Economia

Il commento Pensioni, quei privilegi dei padri che danneggiano i figli

Ogni volta che si prende in mano il libro scottante della previdenza, l’impressione è che si giochi al Bancomat con i soldi degli altri e mai con i propri. Facciamo un passo indietro: come giustamente ricordato dal direttore e dal professor Forte, è impossibile varare manovre serie di riduzione della spesa pubblica senza incidere sulle mega-voci che compongono le uscite, vale a dire pensioni, stipendi del pubblico impiego, interessi sul debito e trasferimenti alle Regioni, ovvero sanità. Concentrarsi sulle voci residuali, quali gli stipendi dei parlamentari, equivale a pensare di ripagare il mutuo risparmiando sullo smalto per le unghie, mentre mettere a bilancio la «lotta all’evasione» è come sperare di trovare soldi per terra: bella cosa se capita, ma non sufficiente a convincere i creditori.
Leviamo dalla lavagna gli interessi sul debito perché non dipendono dal governo e, visti i tassi ai minimi assoluti, è inutile sperare in miglioramenti, anzi, se le restanti voci dovessero andare male, peggiorerebbe di conseguenza anche questa, perché dovremmo pagare interessi più alti per convincere i risparmiatori a sottoscrivere i titoli di Stato. A questo punto, piaccia o no, alle pensioni prima o poi si arriva. Una volta convinti a masticare amaro, però, si ha il sospetto che tutti tentino di rifilare il due di bastoni al vicino.
È possibile provare per una volta a dire che le pensioni in Italia sono fra le più inique del mondo?

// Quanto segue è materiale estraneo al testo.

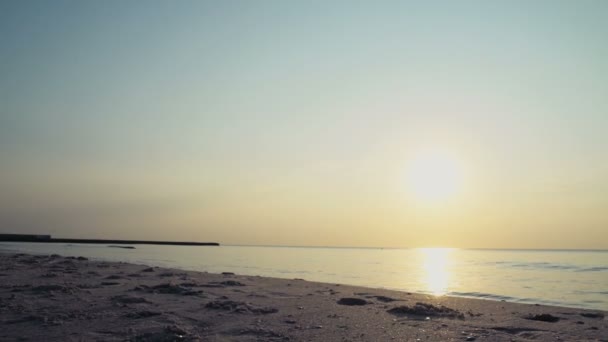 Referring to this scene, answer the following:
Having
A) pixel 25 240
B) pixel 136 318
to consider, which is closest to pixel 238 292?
pixel 136 318

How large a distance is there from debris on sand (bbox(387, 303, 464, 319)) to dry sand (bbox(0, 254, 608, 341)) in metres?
0.02

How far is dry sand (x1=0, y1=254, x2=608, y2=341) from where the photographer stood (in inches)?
295

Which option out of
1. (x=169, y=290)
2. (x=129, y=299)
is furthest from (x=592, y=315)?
(x=129, y=299)

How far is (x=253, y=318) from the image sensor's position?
921cm

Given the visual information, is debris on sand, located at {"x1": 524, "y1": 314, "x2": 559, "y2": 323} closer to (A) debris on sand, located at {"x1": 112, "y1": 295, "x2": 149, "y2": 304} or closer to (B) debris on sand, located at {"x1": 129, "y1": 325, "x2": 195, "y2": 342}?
(B) debris on sand, located at {"x1": 129, "y1": 325, "x2": 195, "y2": 342}

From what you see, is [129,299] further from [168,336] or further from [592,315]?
[592,315]

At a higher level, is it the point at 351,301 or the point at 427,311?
the point at 427,311

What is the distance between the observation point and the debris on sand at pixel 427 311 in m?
10.3

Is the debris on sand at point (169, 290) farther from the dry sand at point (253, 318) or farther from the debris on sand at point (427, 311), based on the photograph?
the debris on sand at point (427, 311)

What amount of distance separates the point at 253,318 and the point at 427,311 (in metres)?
4.38

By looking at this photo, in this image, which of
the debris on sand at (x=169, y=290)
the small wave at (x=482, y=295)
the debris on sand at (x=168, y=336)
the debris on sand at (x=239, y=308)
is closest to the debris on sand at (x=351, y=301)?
the debris on sand at (x=239, y=308)

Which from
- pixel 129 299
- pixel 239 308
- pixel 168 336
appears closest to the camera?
pixel 168 336

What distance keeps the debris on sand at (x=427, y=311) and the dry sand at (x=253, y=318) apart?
2 cm

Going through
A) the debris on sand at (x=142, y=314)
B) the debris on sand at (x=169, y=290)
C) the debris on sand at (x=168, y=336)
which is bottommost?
the debris on sand at (x=169, y=290) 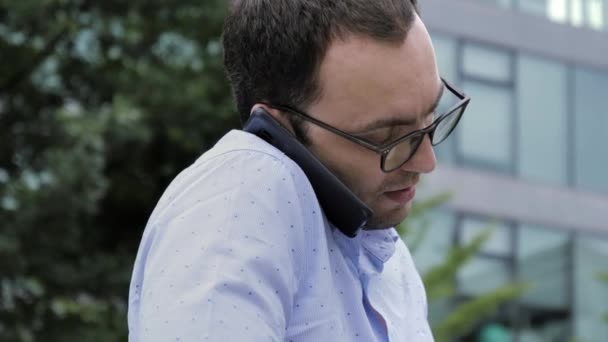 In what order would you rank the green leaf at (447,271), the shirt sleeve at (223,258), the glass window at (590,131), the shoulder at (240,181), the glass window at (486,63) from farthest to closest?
the glass window at (590,131), the glass window at (486,63), the green leaf at (447,271), the shoulder at (240,181), the shirt sleeve at (223,258)

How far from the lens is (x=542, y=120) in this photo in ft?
68.1

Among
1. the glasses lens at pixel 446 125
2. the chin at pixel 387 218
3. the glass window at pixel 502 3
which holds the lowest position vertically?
the glass window at pixel 502 3

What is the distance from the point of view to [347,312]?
208 cm

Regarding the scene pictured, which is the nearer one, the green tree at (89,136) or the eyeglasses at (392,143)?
the eyeglasses at (392,143)

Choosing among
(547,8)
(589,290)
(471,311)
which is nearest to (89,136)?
(471,311)

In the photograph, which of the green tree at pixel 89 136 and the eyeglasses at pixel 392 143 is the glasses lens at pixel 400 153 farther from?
the green tree at pixel 89 136

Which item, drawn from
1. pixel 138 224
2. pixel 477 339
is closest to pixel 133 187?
pixel 138 224

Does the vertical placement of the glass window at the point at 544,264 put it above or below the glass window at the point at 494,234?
below

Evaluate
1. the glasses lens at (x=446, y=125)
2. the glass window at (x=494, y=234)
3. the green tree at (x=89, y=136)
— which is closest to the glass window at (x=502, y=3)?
the glass window at (x=494, y=234)

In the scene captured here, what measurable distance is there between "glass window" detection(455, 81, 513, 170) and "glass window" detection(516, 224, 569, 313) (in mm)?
1191

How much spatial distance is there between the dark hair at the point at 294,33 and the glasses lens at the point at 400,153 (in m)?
0.15

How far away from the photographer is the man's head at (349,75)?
204 centimetres

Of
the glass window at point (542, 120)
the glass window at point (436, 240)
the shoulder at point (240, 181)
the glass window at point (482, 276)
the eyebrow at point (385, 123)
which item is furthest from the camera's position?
the glass window at point (542, 120)

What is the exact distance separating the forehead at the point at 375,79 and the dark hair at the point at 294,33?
0.6 inches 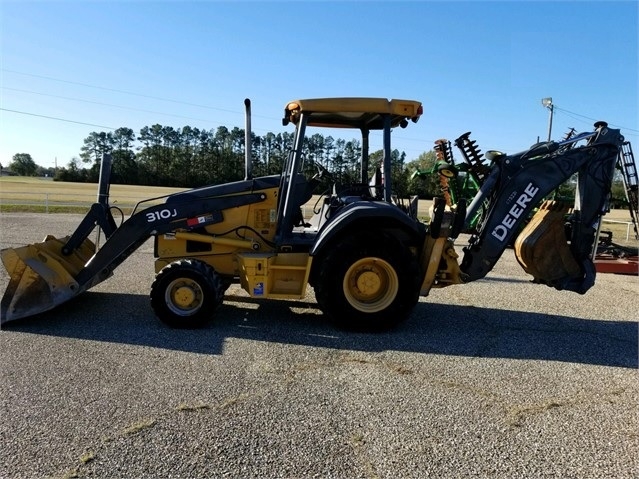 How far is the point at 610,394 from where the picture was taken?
430 cm

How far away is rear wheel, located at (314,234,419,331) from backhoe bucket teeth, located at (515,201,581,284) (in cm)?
148

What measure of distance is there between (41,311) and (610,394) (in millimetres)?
5711

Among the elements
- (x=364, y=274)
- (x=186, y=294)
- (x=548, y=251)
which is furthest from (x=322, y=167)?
(x=548, y=251)

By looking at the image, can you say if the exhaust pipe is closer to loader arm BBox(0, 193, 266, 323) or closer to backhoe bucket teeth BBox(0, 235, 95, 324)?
loader arm BBox(0, 193, 266, 323)

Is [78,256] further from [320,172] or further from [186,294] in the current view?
[320,172]

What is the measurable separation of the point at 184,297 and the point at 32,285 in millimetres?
1723

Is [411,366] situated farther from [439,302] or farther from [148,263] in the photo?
[148,263]

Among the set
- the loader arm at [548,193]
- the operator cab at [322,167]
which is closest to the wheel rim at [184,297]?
the operator cab at [322,167]

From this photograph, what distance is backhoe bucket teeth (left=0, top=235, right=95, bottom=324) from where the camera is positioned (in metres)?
5.61

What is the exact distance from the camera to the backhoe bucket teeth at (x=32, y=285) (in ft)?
18.4

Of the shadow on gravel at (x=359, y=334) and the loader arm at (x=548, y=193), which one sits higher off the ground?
the loader arm at (x=548, y=193)

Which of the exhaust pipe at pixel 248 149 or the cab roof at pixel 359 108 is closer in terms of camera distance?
the cab roof at pixel 359 108

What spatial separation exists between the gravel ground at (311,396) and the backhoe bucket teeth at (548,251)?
70 cm

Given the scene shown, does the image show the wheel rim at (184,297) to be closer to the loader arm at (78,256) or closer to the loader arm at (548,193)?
the loader arm at (78,256) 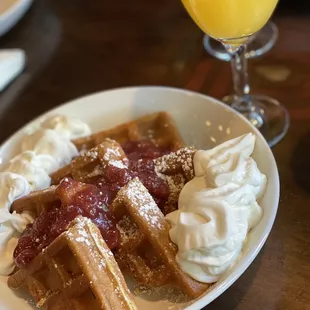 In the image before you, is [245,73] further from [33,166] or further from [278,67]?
[33,166]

Da una parte abbiamo gli attuali giovani lavoratori che rischiano di non vedere il becco di un quattrino perché, nonostante la loro posizione previdenziale sia calcolata con il sistema contributivo e quindi potrebbero riavere solo quanto hanno già versato, ogni volta sono utilizzati come mucca con ritocchi ai parametri, allungamenti dell’età pensionabile (invocati spesso da chi in pensione c’e’ gia’) e obbligo di fondi pensione dalla gestione speso traballante. Dall’altra abbiamo il vasto mondo del diritto acquisito, che si gode la pensione con un ridotto numero di anni di contribuzione e con il sistema retributivo che spesso ne ha moltiplicato l’importo rispetto ai versamenti effettivamente compiuti.
Non occorre nemmeno citare, poi, le situazioni «straordinarie» dei vitalizi generosamente concessi oggi, prelevando sui contributi di chi arriverà domani. Toccare il privilegio acquisito nel Paese del «chi ha dato ha dato, chi ha avuto ha avuto» è fantascienza, tuttavia ci permettiamo di suggerire un piccolo accorgimento che potrebbe aiutare il dibattito su a chi debba essere presentato un pezzo del conto.
Perché non recapitare a ogni attuale pensionato un fogliettino con la cifra a cui avrebbe diritto se fosse come tutti gli altri che in pensione ci devono ancora andare? Non dovrebbe essere difficile: basta ricostruire la storia contributiva di ciascuno e applicare ai versamenti gli stessi parametri che saranno applicati a tutti gli altri, magari corredato con una semplice percentuale di differenza. Di sicuro i sindacati, sempre così attenti all’equità e composti in buona parte di gente che è già in pensione o che ci andrà presto, magari proprio grazie all’abbattimento dello «scalone» regalato dalla sinistra (e messo in conto ai soliti) non avranno nulla da dire se anche gli si ricorda un privilegio ricevuto senza per questo toccarlo.

Tante volte un promemoria vale più di una tassa.